I have! I'm not 100% automated and tested yet, but I'm at like 80% and I'm not sure I'll ever bother to complete that last bit. The "answer" for my use case is unquestionably a Node package called lgtv2. You'll obviously need some networked device that can run a relatively standard install of Node, which for me is a Synology Diskstation that was able to install both Node and the lgtv2 package using zero-customization-required commands.

 

My Syno and all six TVs are connected via wired Ethernet, which is quite helpful to eliminate some of the bridging problems you might have with WOL packages via Wifi. Note that the LG TVs all have varying versions of "energy saver standby mode" and whatnot, which need to be entirely disabled for WOL to work (it is not obvious from the various materials that WOL functionality goes away with energy-saver modes). There also might be some sort of more hardcore sleep mode after a few continuous days of being off where the TVs stop listening to WOL... I've had varying degrees of success waking them up Tuesday mornings after a 3 day weekend... that could be other network shenanigans, though.
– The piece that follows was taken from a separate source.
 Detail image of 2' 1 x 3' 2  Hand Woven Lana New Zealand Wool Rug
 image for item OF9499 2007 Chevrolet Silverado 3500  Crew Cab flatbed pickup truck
As a backup plan I've considered GC Flex units... but I haven't executed on that I just use the handheld remote when necessary.

 

The lgtv2 package is a bit cryptic but I found my basic needs for launching the browser and navigating to a URL, then turning off the TV later. If you play around with the library it is quite complete in terms of functionality, but not very well documented in my opinion. One particularly nice benefit is that the library does a very good job of elegantly handling multiple paired devices, which was of particular concern to me (side note: I use Static DHCP so my devices always have the same IP, which is crucial as IP is part of the libraries cryptographic fingerprint storage process).